Aun así, la lógica formal no se le aplica totalmente. En cambio, son las leyes de la paradoja la que mejor lo rigen. Por ejemplo, un buen plan puede fracasar por el simple hecho de será el más esperado por el enemigo. Por el contrario, uno aparentemente malo, puede tener éxito porque el enemigo no esté preparado para enfrentarlo.

Todo esto, al contrario de muchos de sus contemporáneos, lo sabía San Martín y allí residía parte de su genio. Él sabía que debía reunir la masa de sus fuerzas en un lugar del otro lado de la cordillera. Preferentemente cerca de ella y camino de Santiago de Chile que era su objetivo estratégico intermedio.

Para ello, primero había que evitar los destacamentos que los realistas ubicarían en los pasos obligados de la cordillera para detener a un ejército invasor.

En este último sentido, en la elección de lugares de paso, en su cantidad y en su ubicación estaba la clave del problema. Una columna única hubiera sido fácil de detectar, anticipar y en consecuencia detener. Por el contrario, hubiera sido difícil que muchas columnas pequeñas pudieran apoyarse mutuamente; a la par de  fáciles de ser derrotadas individualmente por un adversario hábil.
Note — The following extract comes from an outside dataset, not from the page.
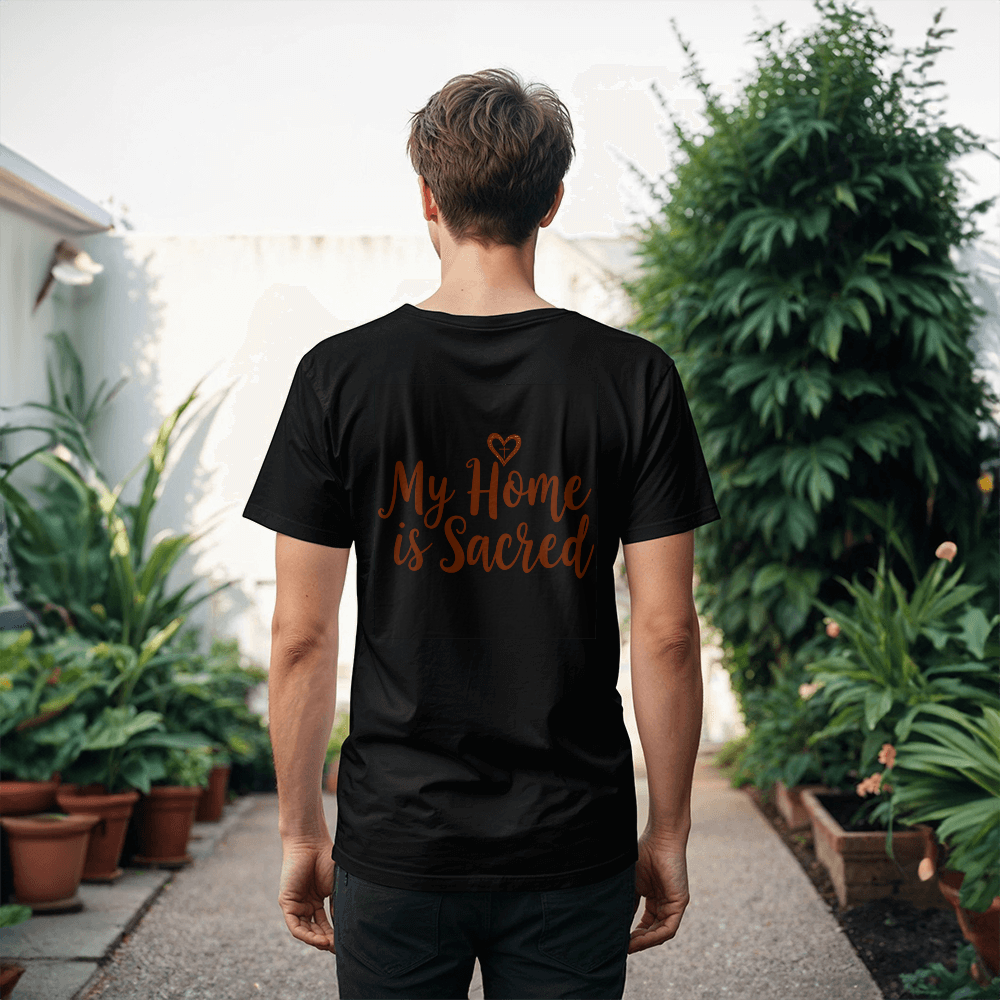 My Home is Sacred Premium T-Shirt – Faith & Family Collection – Christian Statement Back-Print Tee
“Dispersarse para marchar y reunirse para combatir”, tal era la máxima elaborada por el filósofo chino de la guerra Sun Tzu, quien varios siglos atrás había sintetizado la norma bélica que San Martín debería seguir si quería tener posibilidades de éxito.
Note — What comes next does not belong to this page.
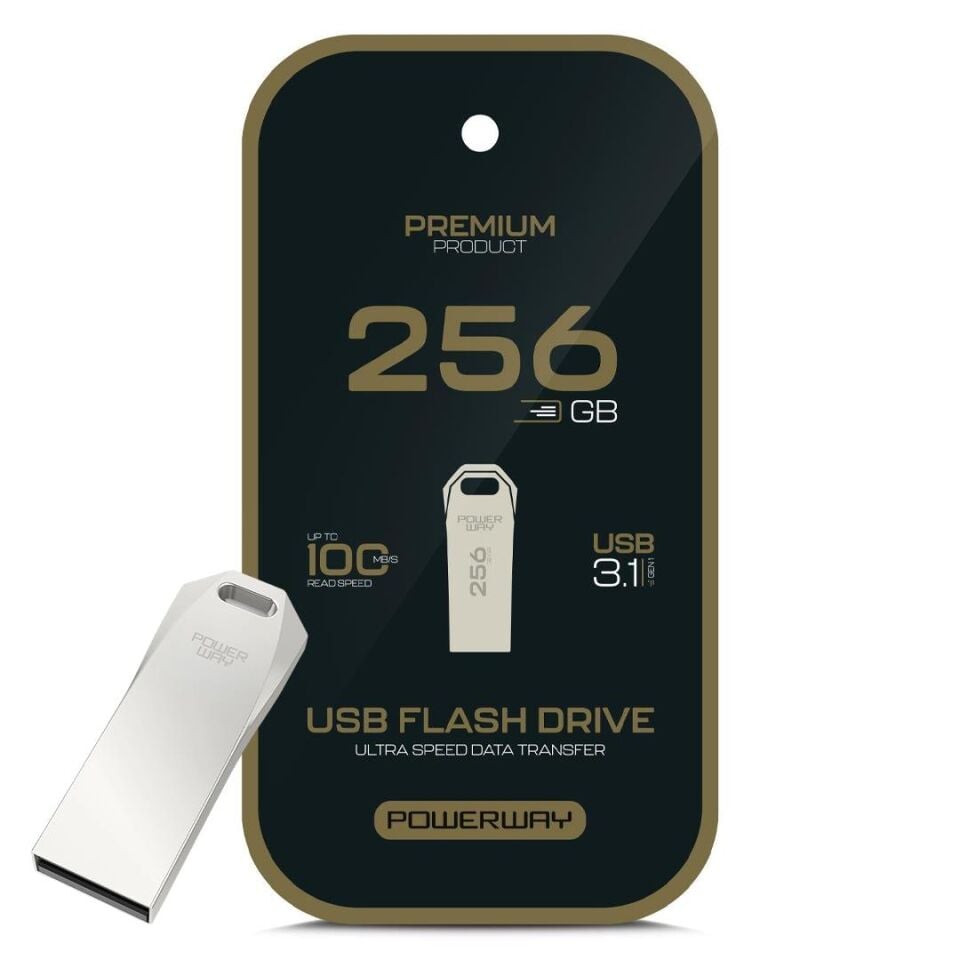 Powerway Premium 256 GB 100MB/S Ultra Hızlı USB 3.1 Metal Silver Flash Bellek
Sencillo de comprender cómo era el principio, la dificultad de su cumplimiento estribaría en los detalles del dónde, del cómo y del cuándo. Para su definición el conocimiento del terreno sería vital, y en este sentido, los viejos baqueanos cuyanos tenían la llave de este conocimiento.

Continuará...

[1] Vara: La vara fue una unidad de longitud equivalente a 3 pies, por lo que su longitud oscilaba alrededor de los 0,8 metros.

[2] Con la manoeuvre de derrière –o maniobra de flanco– se busca por un lado evitar atacar frontalmente el dispositivo enemigo, y por otro lado, golpearlo en su flanco o en su retaguardia.

[3] Legua: la legua correspondía aproximadamente a lo que en toda España se ha llamado y llama al camino que regularmente se recorre en una hora. Lo que en términos prácticos se toma como unos 5 km, aproximadamente.